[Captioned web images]
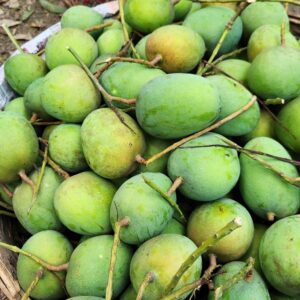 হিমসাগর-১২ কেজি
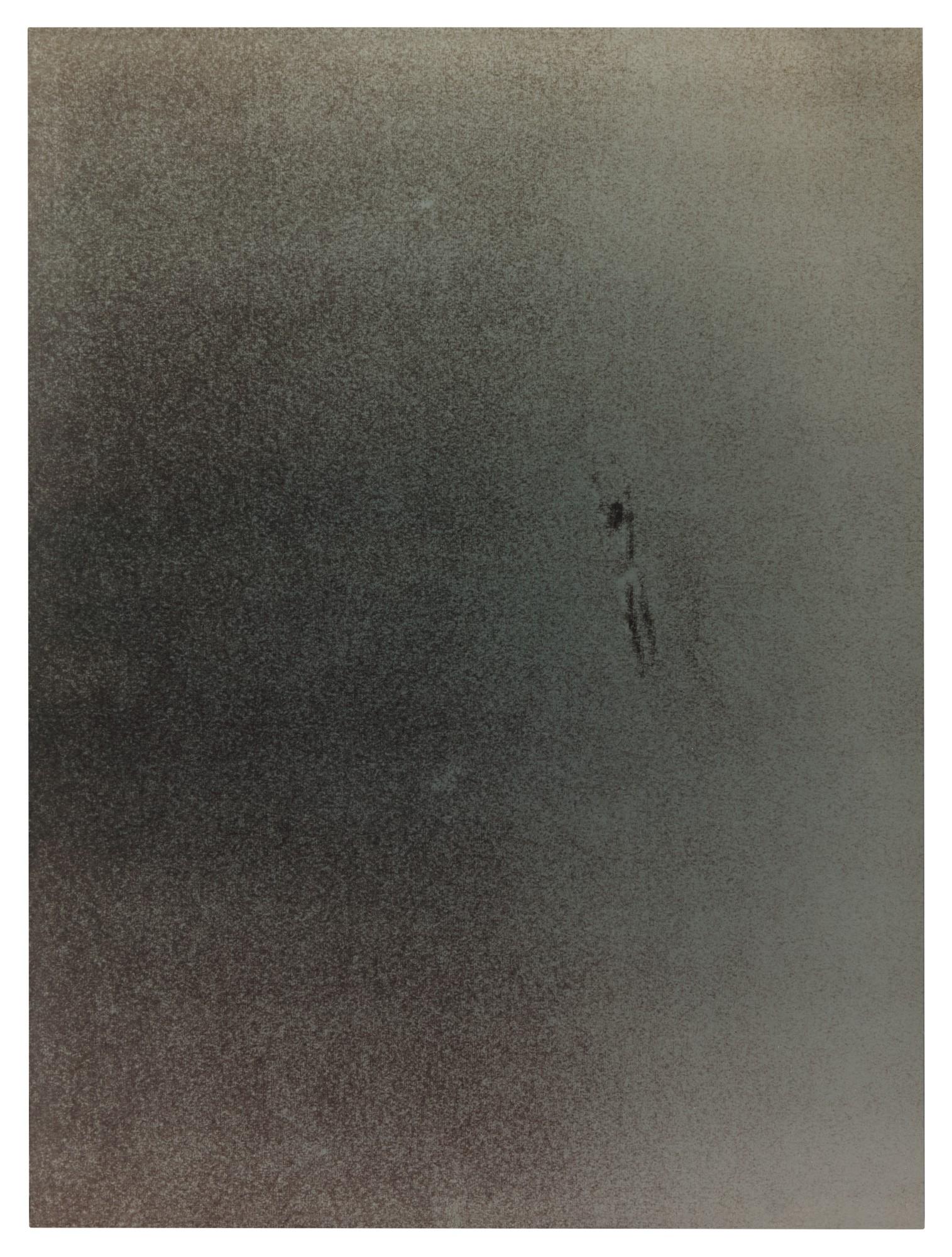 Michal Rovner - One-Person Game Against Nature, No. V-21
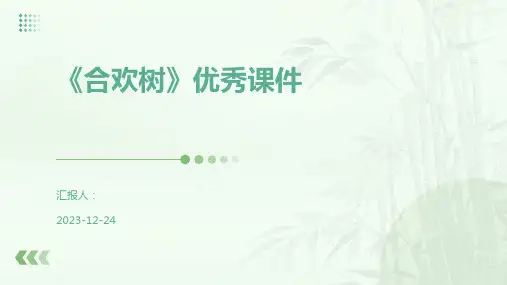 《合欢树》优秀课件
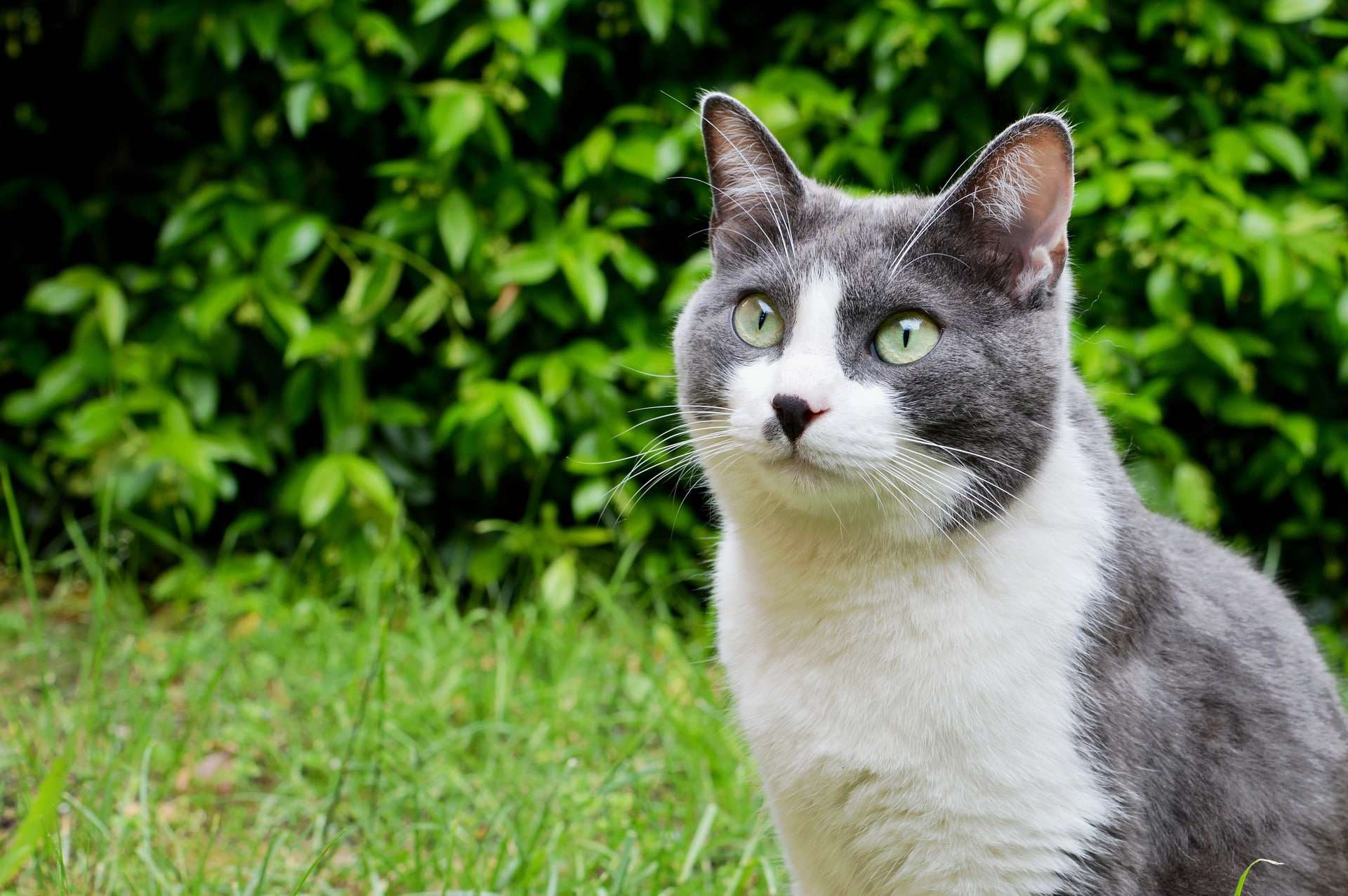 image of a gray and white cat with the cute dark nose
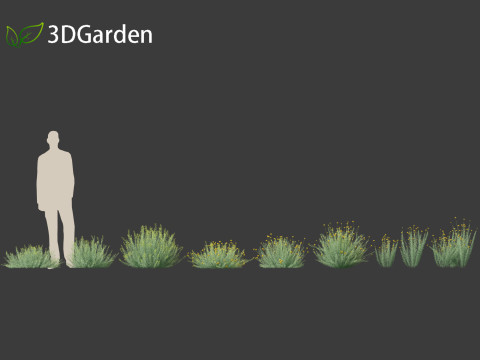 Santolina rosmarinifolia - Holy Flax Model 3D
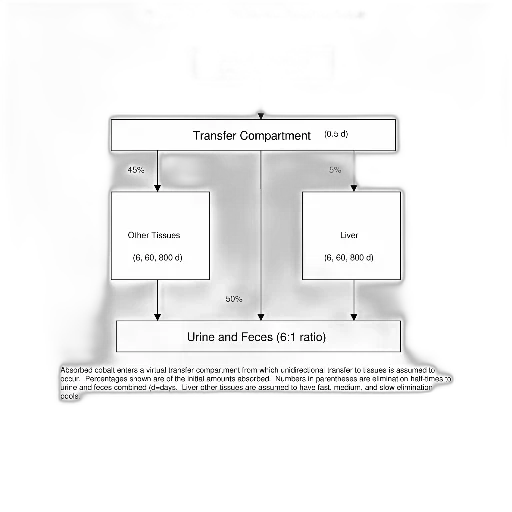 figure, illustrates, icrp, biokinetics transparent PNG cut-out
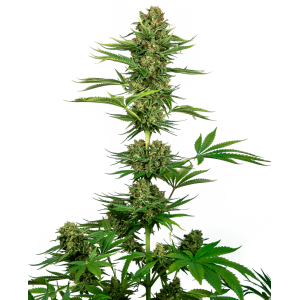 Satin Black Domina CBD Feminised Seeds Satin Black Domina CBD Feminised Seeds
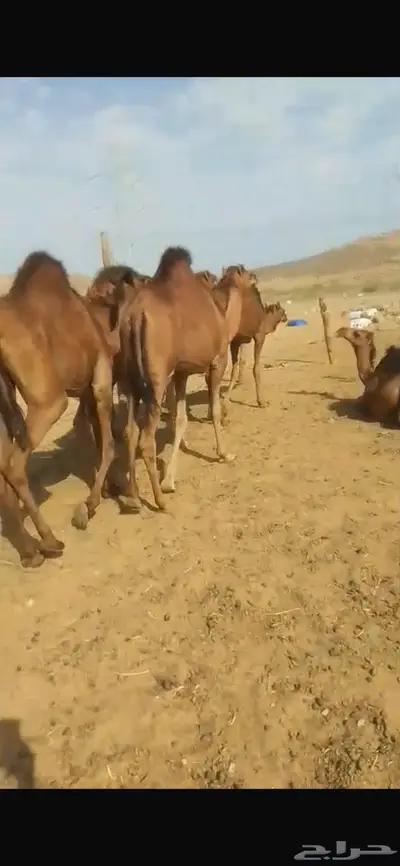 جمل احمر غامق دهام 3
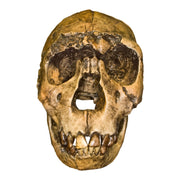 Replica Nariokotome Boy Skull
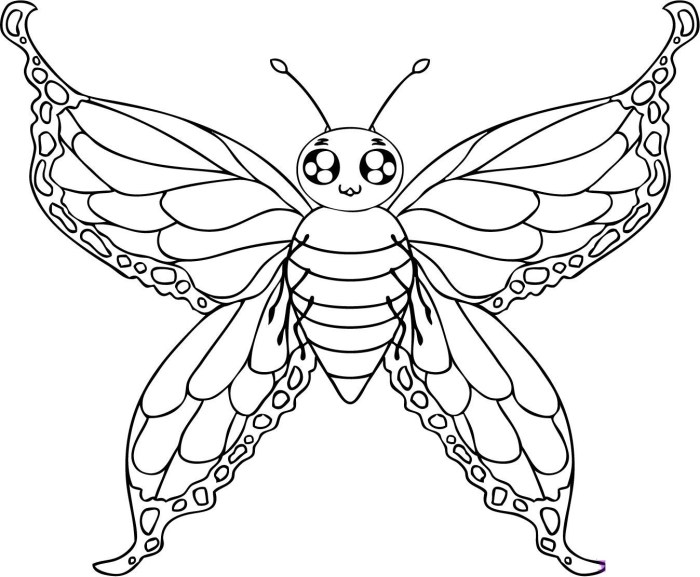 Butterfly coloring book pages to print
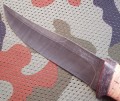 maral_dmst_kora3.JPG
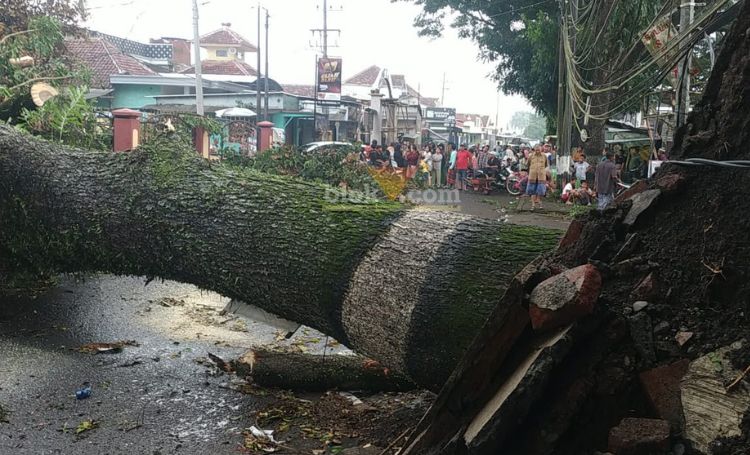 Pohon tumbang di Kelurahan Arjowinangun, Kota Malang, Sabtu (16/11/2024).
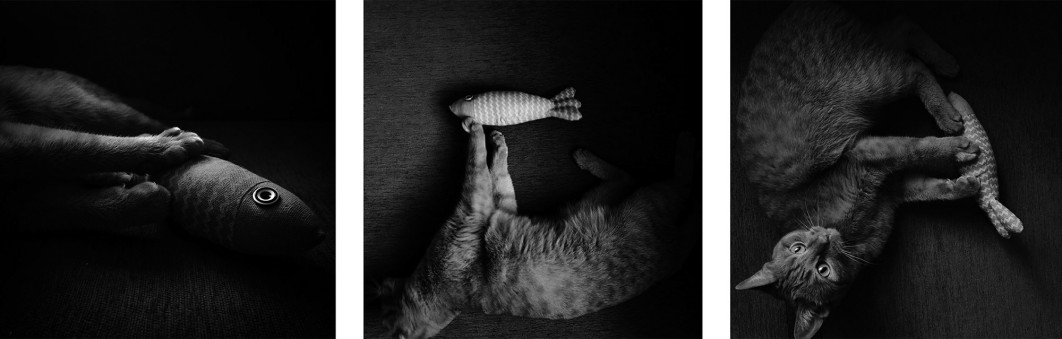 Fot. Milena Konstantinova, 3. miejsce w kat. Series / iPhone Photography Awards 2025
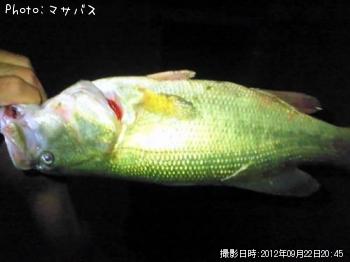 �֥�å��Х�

* _WHAT YOU HAVE TO DO_
Return the entries above in full and unchanged, omitting every image.

* _YOUR RESPONSE_
 হিমসাগর-১২ কেজি
 Michal Rovner - One-Person Game Against Nature, No. V-21
 《合欢树》优秀课件
 image of a gray and white cat with the cute dark nose
 Santolina rosmarinifolia - Holy Flax Model 3D
 figure, illustrates, icrp, biokinetics transparent PNG cut-out
 Satin Black Domina CBD Feminised Seeds Satin Black Domina CBD Feminised Seeds
 جمل احمر غامق دهام 3
 Replica Nariokotome Boy Skull
 Butterfly coloring book pages to print
 maral_dmst_kora3.JPG
 Pohon tumbang di Kelurahan Arjowinangun, Kota Malang, Sabtu (16/11/2024).
 Fot. Milena Konstantinova, 3. miejsce w kat. Series / iPhone Photography Awards 2025
 �֥�å��Х�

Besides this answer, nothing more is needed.